On the first day of my high school, I walked into the ESL classroom. Ms. Solie sat on her chair and gave us new students a big smile. I did not sit too close to her, but I saw some wrinkle around her amber eyes; when she smiled, her red cheeks squeezed her glasses, it looked like two apples grew underneath her glasses. The first day of class was always the easiest, we need to remember everyone’s name in the class. Even though there were only 11 students in the class, it was quite hard for me to learn all of their names in English. So I used Chinese pronunciation to remember them. I was surprised that Ms. Solie could remember all of our names in a short amount of time. It made me wonder if pronouncing one’s name accurately is important in Canada. The next part was to sing the national anthem. Ms. Solie used her hoarse voice to teach us line by line. When she sang, her mouth opened very large and her thin lips moved up and down. I was good at singing since in grade five, so even though I had never sung the anthem, I learned the melody quickly but not the lyrics. My favourite sentence was “With glowing hearts we see thee raise, the true North strong and free”, it made me feel proud every time I sang it.

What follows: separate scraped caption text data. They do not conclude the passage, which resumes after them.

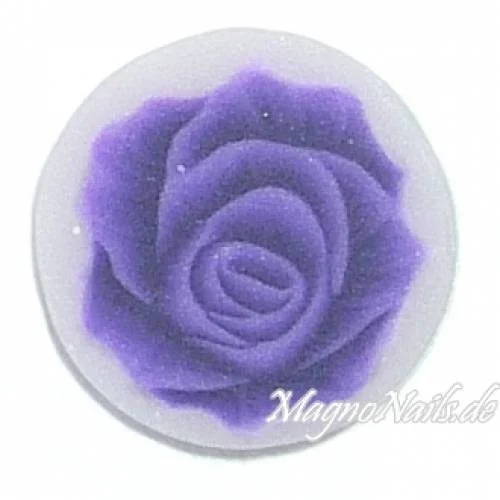 Fimo Stange - Rose lila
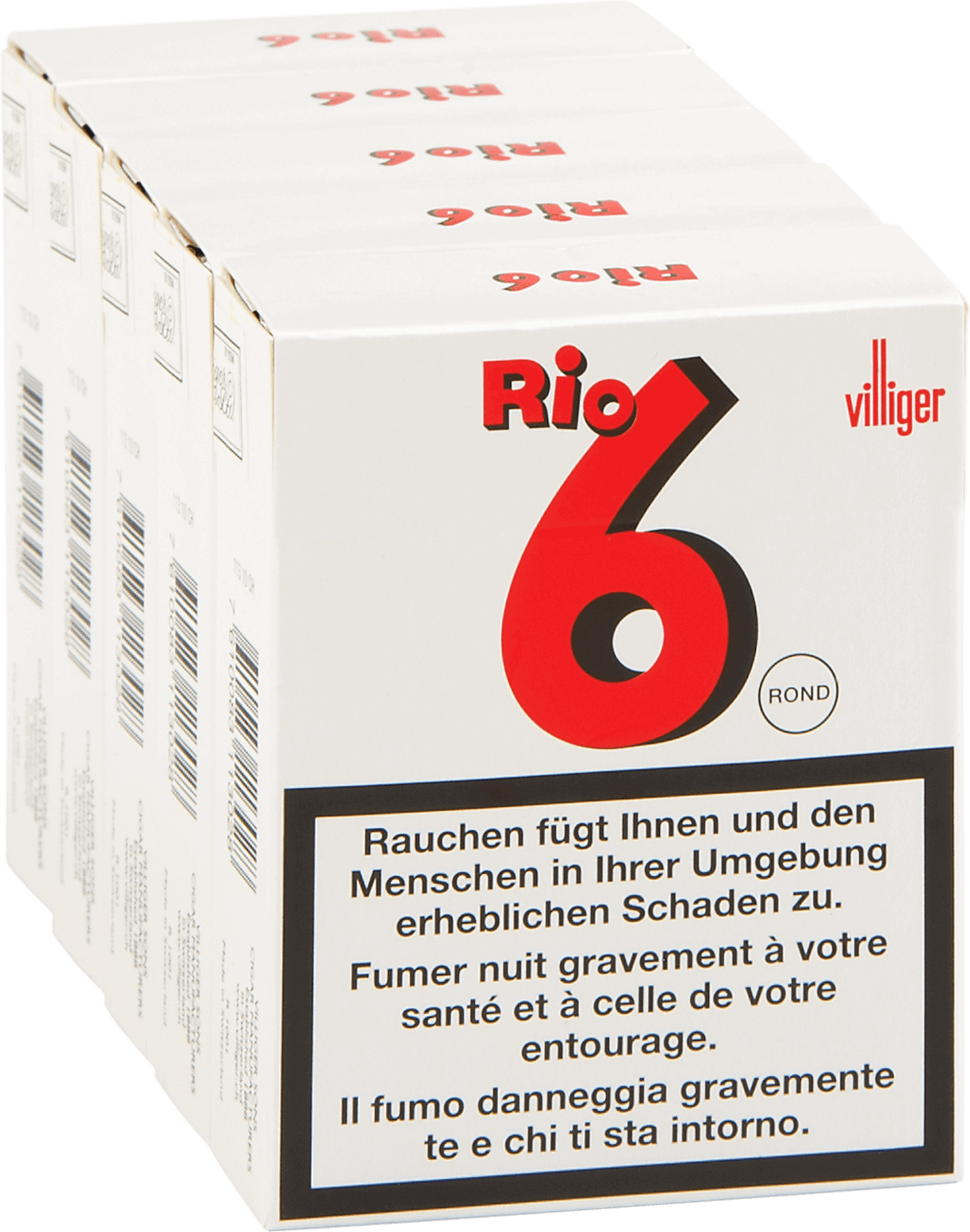Rio 6 Rund 10 Pezzo/i
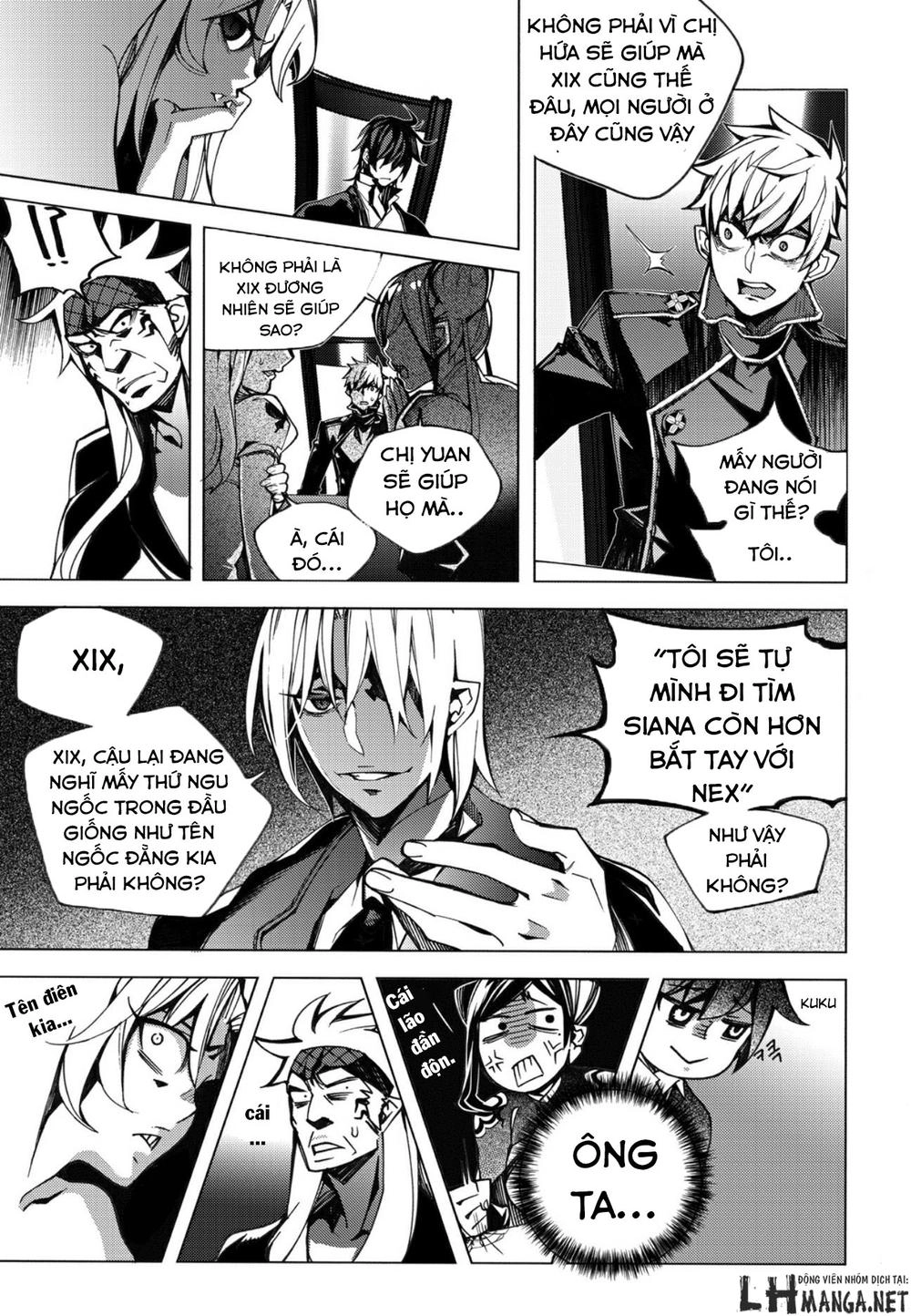 Cavalier Of The Abyss Chapter 134 - 9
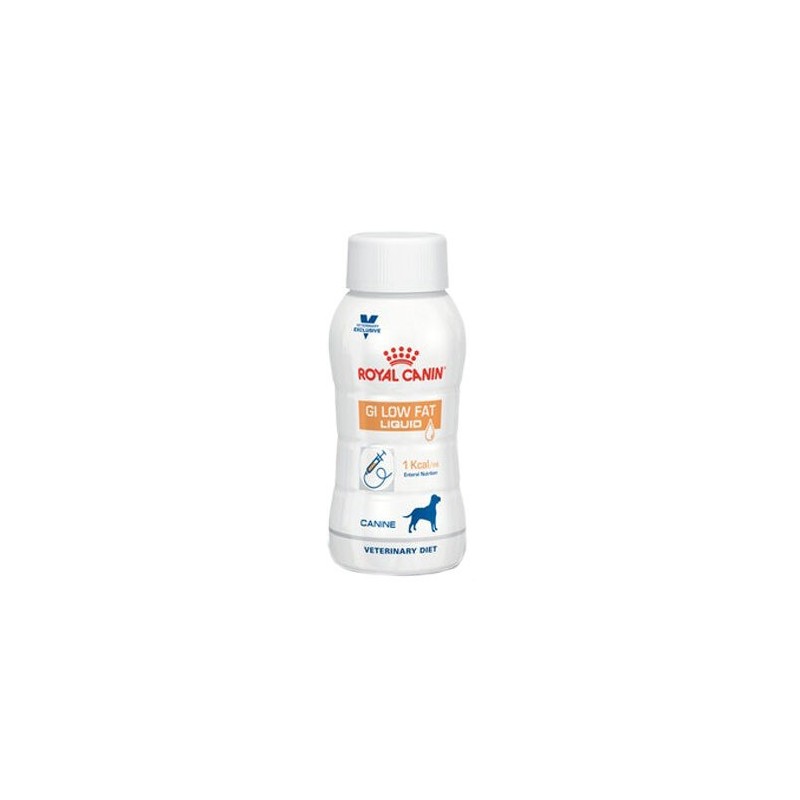 Royal Canin GI Low Fat Liquid Dog - 3 x 200 ml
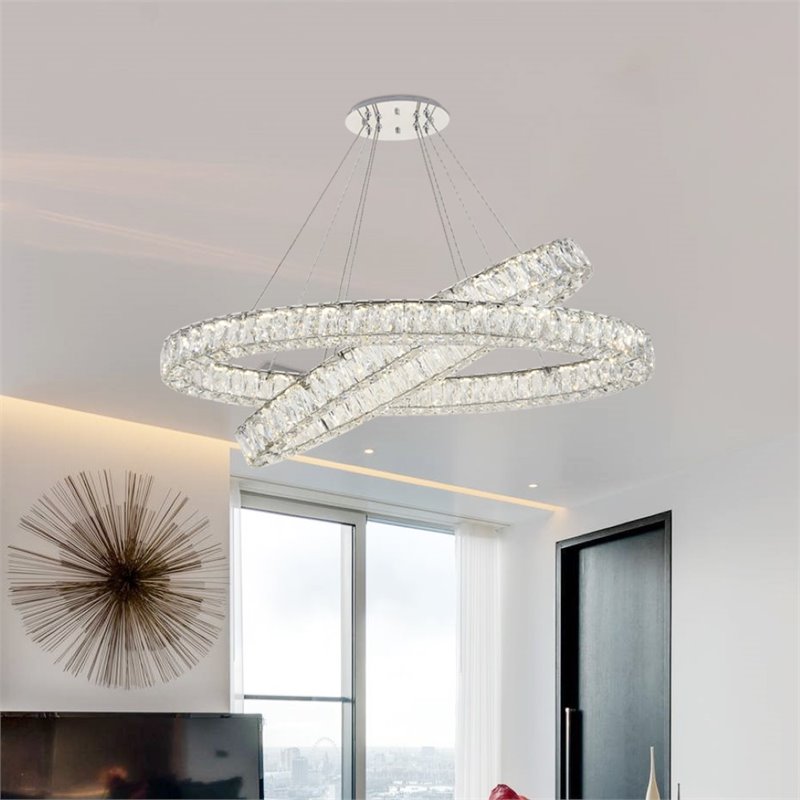 Elegant Lighting Monroe 2 Tier 41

After we got to know each other better, Ms. Solie often showed us some photos of her dogs. She liked dogs very much. She even stabled the photo of her three Labrador Retriever dogs on the bulletin board. Once, it was after school, a student came up to Ms. Solie and asked her questions. Ms. Solie told the student that she couldn’t stay long because she needed to go back home and feed her dogs. For real, I had never heard that people go home early just to feed their pets. In China, we usually would ask family members or neighbours to feed the pets, if we couldn’t go back home on time. What Ms. Solie said gave me a feeling that, Canadian way of treating animal just liked treating their own kids: they would like to babysit pets on their own. During my first high school year in Canada, her outfit and behaviour renewed my impression of how Canadian teachers should “look like”.
Ms. Solie taught me that, using new language to talk to people was not that scary. In fact, it was interesting to learn a totally new language and its unique culture. Her enthusiastic of encouraging me to speak English in public stimulated me to talk more with other people. Throughout what I learned in ESL class, Ms. Solie’s way of teaching English gave my first thought of becoming a teacher.